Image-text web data

=-=-=-=-=

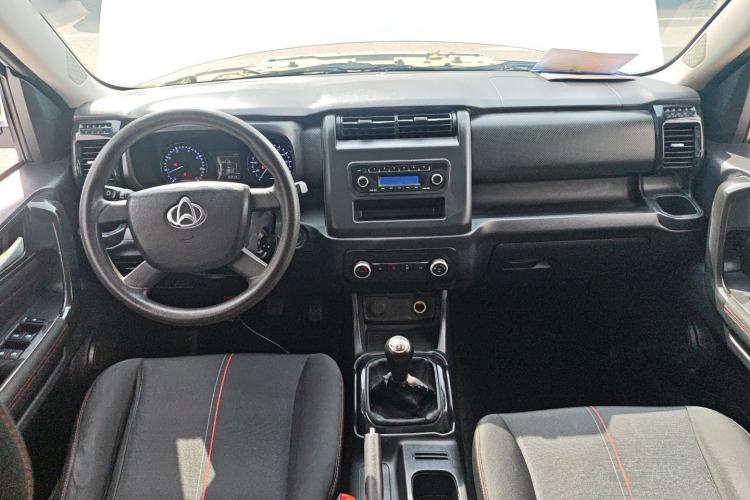 Used CHANGAN OSHAN X70A 2019 1.5L Manual Basic Version China VI Standard Center Console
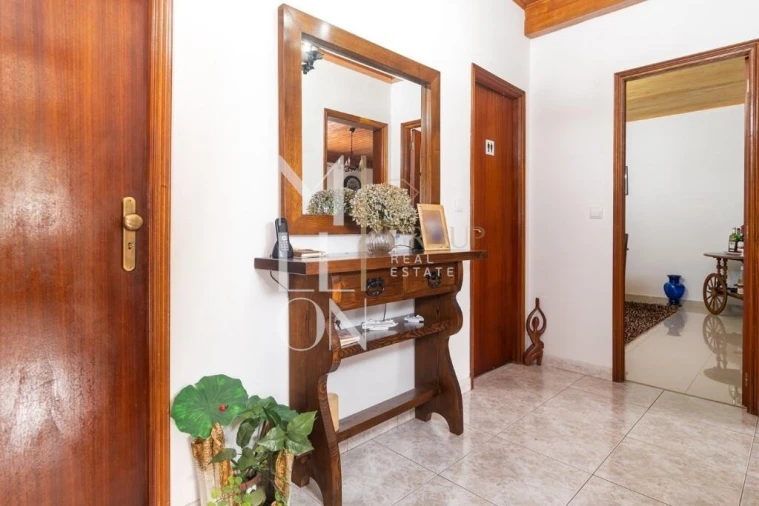 Moradia T5 para Venda em Lindoso Foto 3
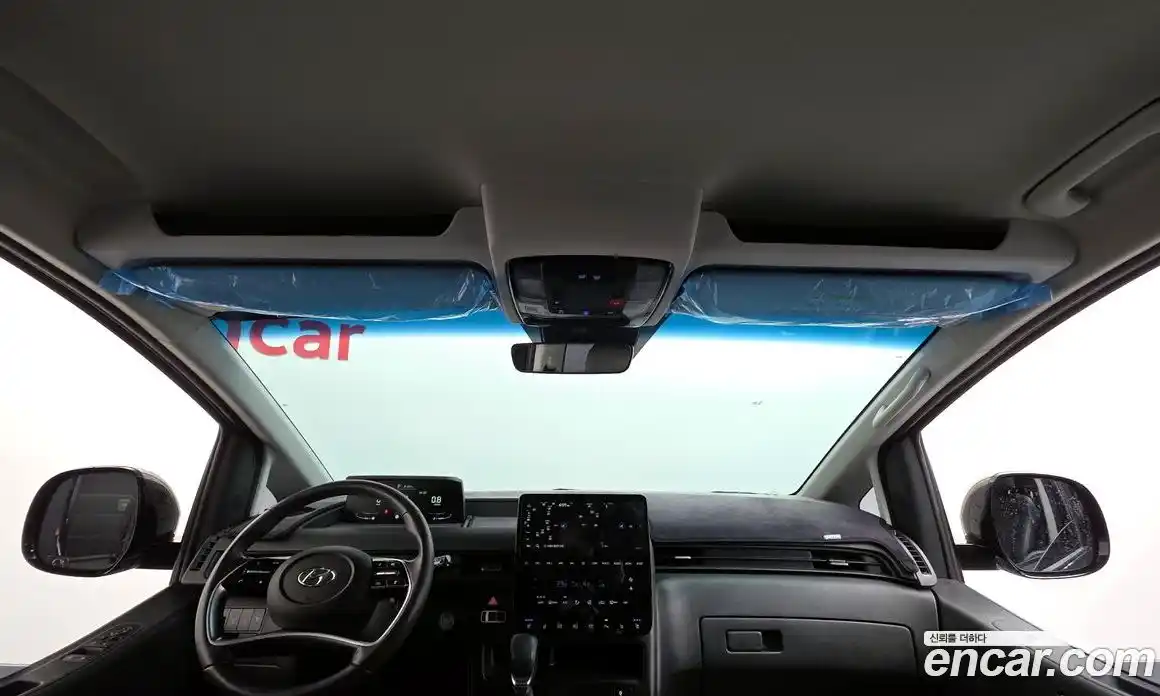 Hyundai Staria 2023 2.2 гидро, фото 25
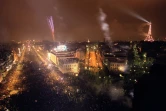 Vue générale le 01 décembre 2000 de l'avenue des Champs-Elysées à Paris prise depuis l'Arc de Triomphe, après le feu d'artifice marquant le début des célébrations du passage à l'an 2000
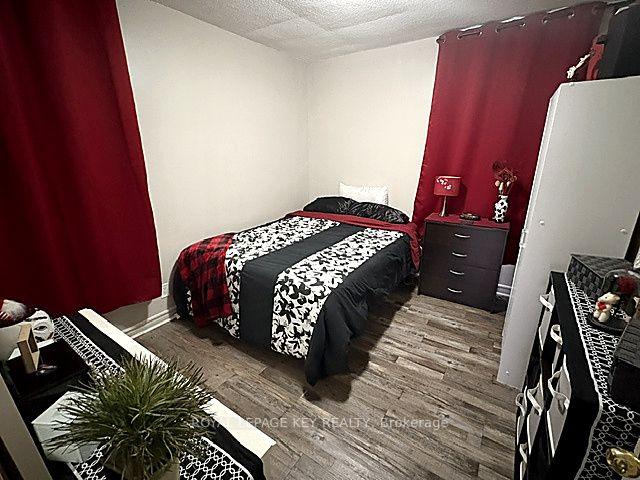 Photo 11 of 115 Brock Street N, Sarnia — HOMEH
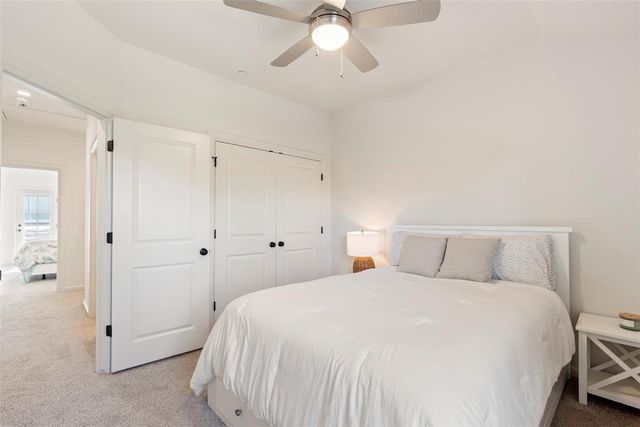 729 Montauk Way, Edmond, OK 73034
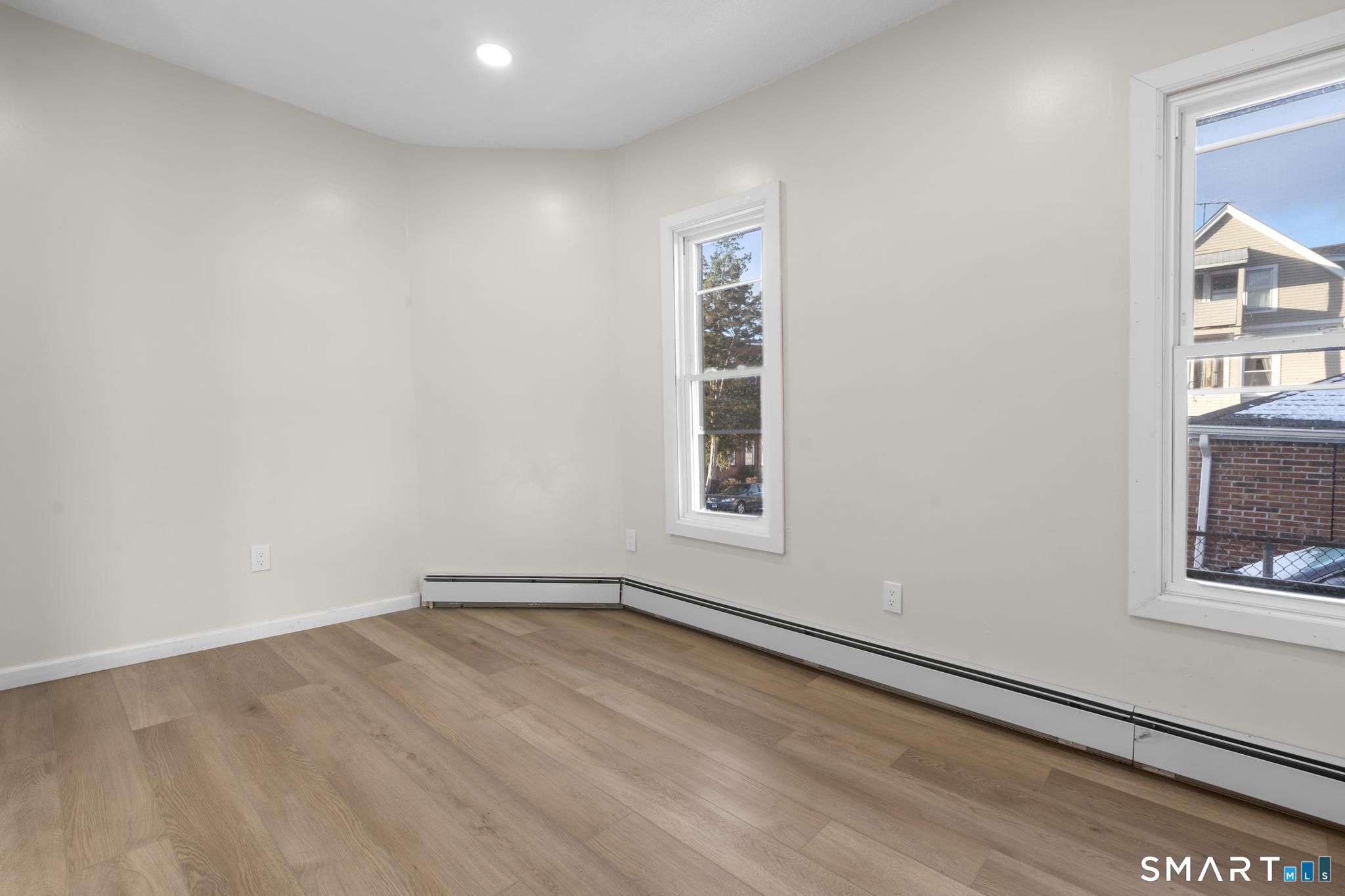 26-28 Mclean Street Hartford CT 06114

=-=-=-=-=

— Assignment —
Excluding the pictures, write out exactly the lines from the line that contains "Moradia T5 para Venda em Lindoso Foto 3" through the end of the records.

— Solution to this exercise —
 Moradia T5 para Venda em Lindoso Foto 3
 Hyundai Staria 2023 2.2 гидро, фото 25
 Vue générale le 01 décembre 2000 de l'avenue des Champs-Elysées à Paris prise depuis l'Arc de Triomphe, après le feu d'artifice marquant le début des célébrations du passage à l'an 2000
 Photo 11 of 115 Brock Street N, Sarnia — HOMEH
 729 Montauk Way, Edmond, OK 73034
 26-28 Mclean Street Hartford CT 06114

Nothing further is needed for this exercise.